Filter the entries and keep only the lines where the string "Property" appears.

::: Task inputs :::

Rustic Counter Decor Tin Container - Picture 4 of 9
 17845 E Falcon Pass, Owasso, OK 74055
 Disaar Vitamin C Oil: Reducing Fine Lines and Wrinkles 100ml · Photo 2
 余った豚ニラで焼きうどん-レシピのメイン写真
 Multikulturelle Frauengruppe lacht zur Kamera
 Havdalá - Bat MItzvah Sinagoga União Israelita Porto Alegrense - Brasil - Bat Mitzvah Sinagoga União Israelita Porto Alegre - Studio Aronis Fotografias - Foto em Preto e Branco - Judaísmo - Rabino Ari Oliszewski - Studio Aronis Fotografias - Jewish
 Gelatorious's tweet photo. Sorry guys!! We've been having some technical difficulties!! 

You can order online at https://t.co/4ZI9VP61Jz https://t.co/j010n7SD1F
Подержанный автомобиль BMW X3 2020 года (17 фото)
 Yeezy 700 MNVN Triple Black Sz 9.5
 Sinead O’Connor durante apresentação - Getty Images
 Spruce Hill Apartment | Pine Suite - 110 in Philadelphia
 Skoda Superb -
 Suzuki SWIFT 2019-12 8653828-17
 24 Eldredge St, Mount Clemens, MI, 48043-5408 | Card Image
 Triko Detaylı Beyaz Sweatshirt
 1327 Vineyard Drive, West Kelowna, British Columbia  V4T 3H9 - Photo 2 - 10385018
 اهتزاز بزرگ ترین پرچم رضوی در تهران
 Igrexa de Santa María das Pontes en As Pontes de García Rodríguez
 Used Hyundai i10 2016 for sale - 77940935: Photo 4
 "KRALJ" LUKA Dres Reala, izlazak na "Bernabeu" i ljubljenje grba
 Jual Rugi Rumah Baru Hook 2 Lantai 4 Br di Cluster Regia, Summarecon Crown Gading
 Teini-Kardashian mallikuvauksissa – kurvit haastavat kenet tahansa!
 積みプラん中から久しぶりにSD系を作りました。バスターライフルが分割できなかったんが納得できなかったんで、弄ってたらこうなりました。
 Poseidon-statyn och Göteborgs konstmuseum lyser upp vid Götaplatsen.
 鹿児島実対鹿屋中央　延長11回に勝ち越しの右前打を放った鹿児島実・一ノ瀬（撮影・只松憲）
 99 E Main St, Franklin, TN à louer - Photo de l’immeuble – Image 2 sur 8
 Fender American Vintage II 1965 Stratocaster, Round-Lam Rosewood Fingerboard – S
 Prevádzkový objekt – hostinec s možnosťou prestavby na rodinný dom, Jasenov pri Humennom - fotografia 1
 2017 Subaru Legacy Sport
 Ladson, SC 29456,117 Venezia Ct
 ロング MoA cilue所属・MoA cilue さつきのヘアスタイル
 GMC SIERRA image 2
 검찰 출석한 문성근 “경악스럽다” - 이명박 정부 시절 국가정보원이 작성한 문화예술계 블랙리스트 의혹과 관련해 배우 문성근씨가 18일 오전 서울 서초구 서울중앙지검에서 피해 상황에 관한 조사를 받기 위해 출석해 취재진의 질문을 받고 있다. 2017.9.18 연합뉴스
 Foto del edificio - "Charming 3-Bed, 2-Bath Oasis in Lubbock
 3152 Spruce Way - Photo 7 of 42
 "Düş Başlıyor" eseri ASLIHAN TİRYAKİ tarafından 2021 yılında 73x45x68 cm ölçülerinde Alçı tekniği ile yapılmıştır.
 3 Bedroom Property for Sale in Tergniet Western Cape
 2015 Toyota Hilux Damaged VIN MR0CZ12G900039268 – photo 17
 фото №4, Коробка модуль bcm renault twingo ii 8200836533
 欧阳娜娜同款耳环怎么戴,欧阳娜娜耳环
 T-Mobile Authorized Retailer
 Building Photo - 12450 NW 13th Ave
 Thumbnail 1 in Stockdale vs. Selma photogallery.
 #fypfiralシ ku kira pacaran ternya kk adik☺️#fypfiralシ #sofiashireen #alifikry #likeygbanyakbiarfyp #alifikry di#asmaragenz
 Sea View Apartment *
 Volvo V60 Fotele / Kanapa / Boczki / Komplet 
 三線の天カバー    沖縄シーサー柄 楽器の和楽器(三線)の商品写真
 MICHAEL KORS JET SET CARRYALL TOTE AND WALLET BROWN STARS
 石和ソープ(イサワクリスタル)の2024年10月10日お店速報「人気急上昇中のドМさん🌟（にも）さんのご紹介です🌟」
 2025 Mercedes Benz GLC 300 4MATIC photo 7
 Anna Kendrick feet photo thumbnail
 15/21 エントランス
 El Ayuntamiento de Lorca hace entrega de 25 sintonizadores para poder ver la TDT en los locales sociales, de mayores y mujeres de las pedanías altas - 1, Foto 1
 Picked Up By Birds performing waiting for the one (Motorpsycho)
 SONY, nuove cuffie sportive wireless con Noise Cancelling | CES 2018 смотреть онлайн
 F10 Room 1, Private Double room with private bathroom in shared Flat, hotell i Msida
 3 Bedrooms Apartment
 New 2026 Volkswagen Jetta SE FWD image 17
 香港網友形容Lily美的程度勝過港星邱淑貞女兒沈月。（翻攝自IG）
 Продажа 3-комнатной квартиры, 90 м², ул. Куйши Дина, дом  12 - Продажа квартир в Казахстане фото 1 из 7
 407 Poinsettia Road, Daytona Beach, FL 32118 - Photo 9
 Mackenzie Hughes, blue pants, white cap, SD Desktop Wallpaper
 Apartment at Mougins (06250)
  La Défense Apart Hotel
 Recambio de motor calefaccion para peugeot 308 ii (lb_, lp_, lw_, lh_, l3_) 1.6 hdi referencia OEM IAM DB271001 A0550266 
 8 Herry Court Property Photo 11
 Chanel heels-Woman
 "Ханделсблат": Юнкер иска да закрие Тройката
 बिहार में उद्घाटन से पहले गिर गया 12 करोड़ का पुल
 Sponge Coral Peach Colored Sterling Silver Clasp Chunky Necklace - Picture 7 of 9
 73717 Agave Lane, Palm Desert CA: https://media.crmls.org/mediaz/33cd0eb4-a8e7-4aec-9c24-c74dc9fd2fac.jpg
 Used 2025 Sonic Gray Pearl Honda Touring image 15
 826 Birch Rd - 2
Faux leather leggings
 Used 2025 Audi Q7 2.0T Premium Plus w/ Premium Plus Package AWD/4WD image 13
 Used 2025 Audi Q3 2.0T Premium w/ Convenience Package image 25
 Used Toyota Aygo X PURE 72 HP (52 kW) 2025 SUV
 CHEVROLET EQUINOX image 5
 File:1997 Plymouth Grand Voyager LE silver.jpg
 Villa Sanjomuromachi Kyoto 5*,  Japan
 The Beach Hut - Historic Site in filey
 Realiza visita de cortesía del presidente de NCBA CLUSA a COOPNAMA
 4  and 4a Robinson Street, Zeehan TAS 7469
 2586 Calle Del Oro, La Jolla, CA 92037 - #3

:::

■ Answer to the exercise
 3 Bedroom Property for Sale in Tergniet Western Cape
 8 Herry Court Property Photo 11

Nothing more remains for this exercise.